At the final climbs, Lutsenko was the strongest, taking a solo victory ahead of Herrada, Van Avermaet and Powless. Behind at the GC group, all blocks remained together and only one attack happened through the La Lusette climb, with Fabio Aru (UAD) being caught and dropped back. More than 40 riders reached the finish line atop the Mont Aigoual together with Valverde, Mas and Soler for a Movistar Team which keeps Enric (+22″) and ‘Bala’ (+34″) within the top-20 overall.

/ Quotes

Enric Mas: I seem to be fine, I hope it’s just some bruises after that crash. I’ve taken my glove off now and it seems like the area is a bit swollen, but I hope it’s nothing. I rode over a stone into a turn during that descent before the penultimate climb. It is what it is, this is part of the Tour, setbacks can arise during a 21-day race and it was my turn this time. When it comes to my legs, all seems to be going well.

“We have already commented on this several times about our season restart not being the strongest by any means, but we feel like we’re well oriented towards a good result here. We’re still in the mix and, other than this crash, I’ve got good hopes for the upcoming weeks. We should be seeing attacks soon at the Pyrenees – the upcoming mountain blocks, the Alps and also the Massif Central, should bring the fans many fireworks. There’s teams like us, Jumbo, Groupama – basically everyone will want to go on the offensive.”

Alejandro Valverde: Another fast day, a nervous one and with a furious pace at the final climbs. We’re still close in the GC, going day-by-day and hoping for the best in the upcoming stages. It looks like a strange Tour with no attacks, you say? … Well, life is strange. Look at me and you, wearing a face mask, that’s already strange. The most important thing is that we’re here, doing our thing. It’s still a long Tour ahead.
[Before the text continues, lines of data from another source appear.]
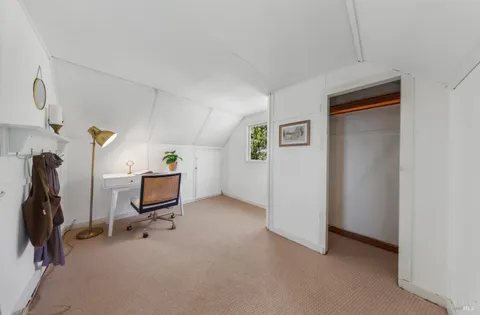 a view of a livingroom with furniture and a livingroom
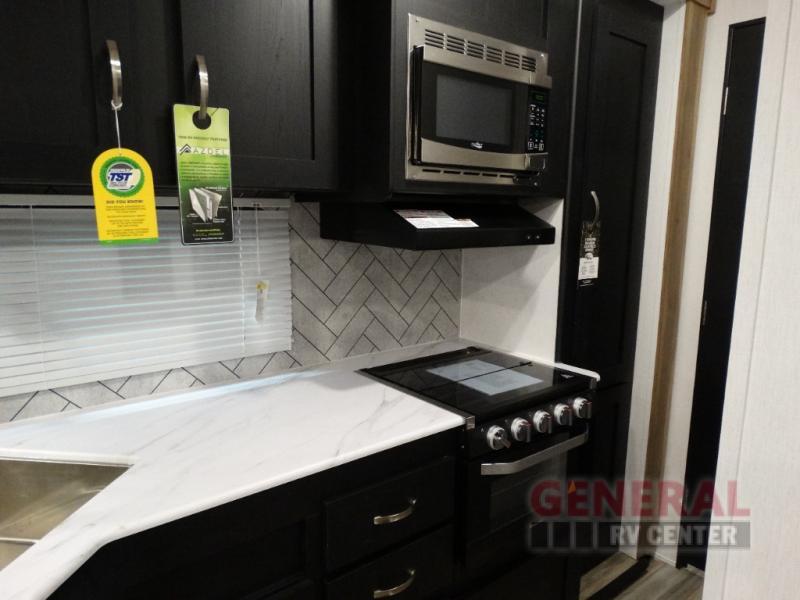 Kitchen with a gas range, oven, sink and cabinets.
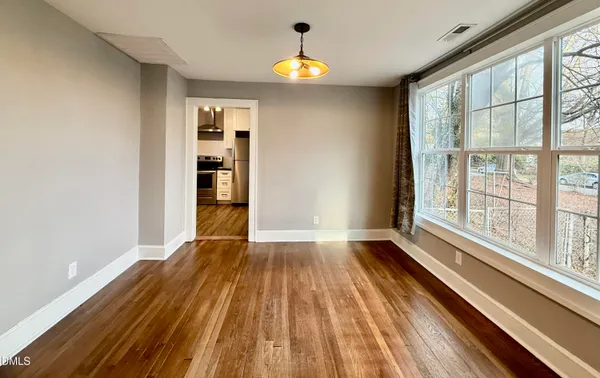 a view of empty room with wooden floor and fan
The final days are so demanding that most teams are thinking that, the less they spend at this moment, the better.”

/ Upcoming goals

Friday’s stage seven will see their sprinters battling out for the last time in this first week at Lavaur (168km), after a flat final hour of racing wit no major difficulties. It will be the last respite for the race contenders -should the Autan winds allow it near the start– before the short Pyrenees block of the 2020 Tour de Francew.

Jorge Arcas was part of the early break in Italy. (c) BettiniPhoto

/ Over in Italy…

At the Settimana Coppi e Bartali, the Movistar Team tackled the Queen stage over the famous Monte Carpegna (HC), before heading towards the climbs of San Leo (Cat-2) and Fiorentino (Cat-2) en route to Riccione’s finish. And it did so with Jorge Arcas in the morning break, a five-man attempt alongside O’Connor (NTT), Davies (TBM), Amezqueta (CJR) and Petilli (CWG).

The leading group broke at the Carpegna, with Arcas being caught at the final section by counter-attacker Iván Sosa (IGD) and a restricted peloton including team-mate Einer Rubio. The pace by race leader Deceuninck-QuickStep’s Andrea Bagioli neutralized the break, though, and made for a 30-man sprint finish, narrowly won by Jhonatan Narváez (IGD).

The final sprint in Riccione. (c) BettiniPhoto

The race will end on Friday with a hilly circuit in and around Forlì, climbing seven times to the Rocca delle Caminate (Cat-2; 3.2km @ 7%).